One of the most well established private galleries in Montreal, this prestigious space specializes in contemporary Canadian art, especially in the Inuit communities from the north. Pieces range from traditional soapstone carvings to surprisingly complex and occasionally harrowing depictions of animals and other figures. Elca caters to a very upscale clientele.
Notre-Dame's twin towers have served as an Old Montreal landmark since the Neo-Gothic basilica was finished in 1829. Today they continue to be the focal point, where tourists disembark from buses and calèche drivers line up for passengers. The interior glows with gilded statuary and gold-leafed fleurs de lys, and is home to one of the largest pipe organs in the world. The Montreal Symphony Orchestra performs its Christmas production of Messiah here at the Basilique Notre-Dame de Montréal or the Notre-Dame Basilica.
The namesake of the city and one of its most recognizable landmarks, Mount Royal is the city of Montreal's highest point. The volcanic hill is a part of the Monteregian Hills, nestled between the Appalachian Mountains and the Laurentians, its highest summit measuring at 233 meters (764 feet). At its highest point sits the Mount Royal Cross, originally installed in 1643 by the city's founder, Paul Chomedey de Maisonneuve, in honor of Mother Mary who he believes saved the colony from a potentially devastating flood. The existing, illuminated cross was added in 1924. Beaver Lake and the Mount Royal Park are other popular features of the hill, just west of Downtown. The park, in particular, is renowned as one of the city's largest, originally designed by Frederick Law Olmstead, and the venue of the weekly Tam-Tam Jams. For unmatched views of the city, Mount Royal's Camilien-Houde and Kondiaronk Chalet lookouts offer sweeping vistas over Downtown and East Montreal.

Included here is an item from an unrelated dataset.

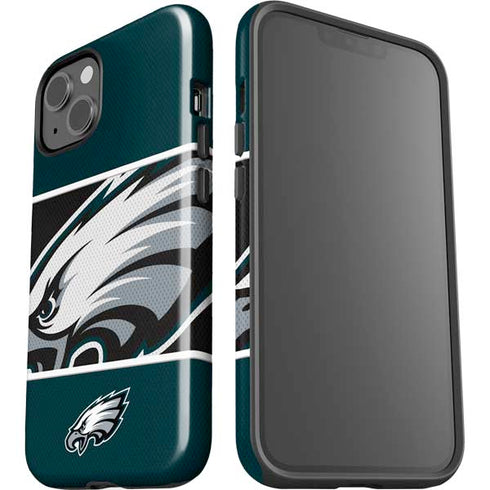 NFL Philadelphia Eagles Zone Block iPhone 15 Plus Impact Case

Straddling a two-kilometer (1.24 mile) stretch along the St. Lawrence River, the Old Port of Montreal has operated as an active hub since 1611 when it was used as a fur trading post by French settlers. It has since transformed into a bustling area which beckons tourists and locals alike. Besides being home to a bevy of attractions like the IMAX Theatre, the Montreal Science Centre and the Montreal Clock Tower, it is also a recreational wonderland, especially during winter months. Marked by ice sculptures, skating and a lively nativity scene, as well as vibrant festivals like the Festival Montréal en lumière, the Old Port of Montreal hosts a decidedly thriving cultural scene. With numerous dining options, bargain shops, trendy boutiques, tours and riverfront activities dotting its pretty vicinity, the Old Port is an all inclusive attraction in itself.

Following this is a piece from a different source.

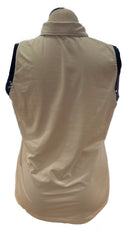 Nike Golf Women's White Sleeveless Top w/Navy Outlining Size XL-2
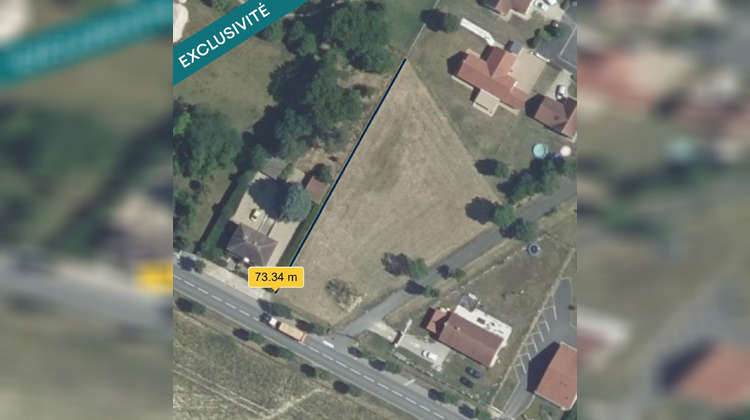 Ma-Cabane - Vente Terrain Vatan, 2155 m²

Saint Joseph's Oratory in Montreal is the nation's largest church, its regal dome second in height only to St. Peter's Basilica in Rome. A small chapel dedicated to Saint Joseph was built at the site in 1904 by Brother André, renowned for his miraculous ability to heal the injured and ailing. He was later beatified in 1982 and canonized in 2010. Completed in 1960, the renaissance church that replaced the original shrine encompasses a basilica, a votive chapel lined with discarded crutches, and the heart of Brother André amongst several other treasures. Outside, the Stations of the Cross grace the sculpture garden where scenes from the film Jésus of Montréal were shot. The oratory itself is a striking beauty that dominates the skyline for miles around, its elegant dome rising high above the bucolic scene. One of the world's most revered Catholic shrines and an important place of pilgrimage, Saint Joseph's Oratory inspires wonder in the hearts of the devout and the simply curious.

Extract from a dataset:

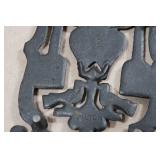 Vintage Wilton Cast Iron Trivet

Plans for the construction of the Mary, Queen of the World Cathedral first began in 1852, soon after Saint-Jacques Cathedral was destroyed by fire. At the behest of Ignace Bourget, the architect Victor Bourgeau was assigned the ambitious task of designing a cathedral in the image of the magnificent St Peter's Basilica in Rome. The architectural masterpiece was completed in 1894 and is renown today as one of Quebec's most revered religious sites. Inside a spectacular baldachin adorns the altar and elaborate paintings depict the early history of Montreal, while outside exquisitely wrought statues of the city's 13 patron saints watch over the people, replacing the 12 statues of Christ's apostles that adorn the exterior walls of St Peter's Basilica. The cathedral remains a sacred place of worship even as it attracts droves of tourists who are drawn to its austere beauty and artistic treasures.
This non-profit artist-run gallery and center has been around since 1982; it includes exhibitions, video screenings and performance art, along with an artist residence. Special programs include lectures and concerts. The center is open to all the arts, be they experimental or traditional, and presents the full spectrum of artistic ideas and forms. Oboro consistently encourages artists from Montreal's various communities and cultures.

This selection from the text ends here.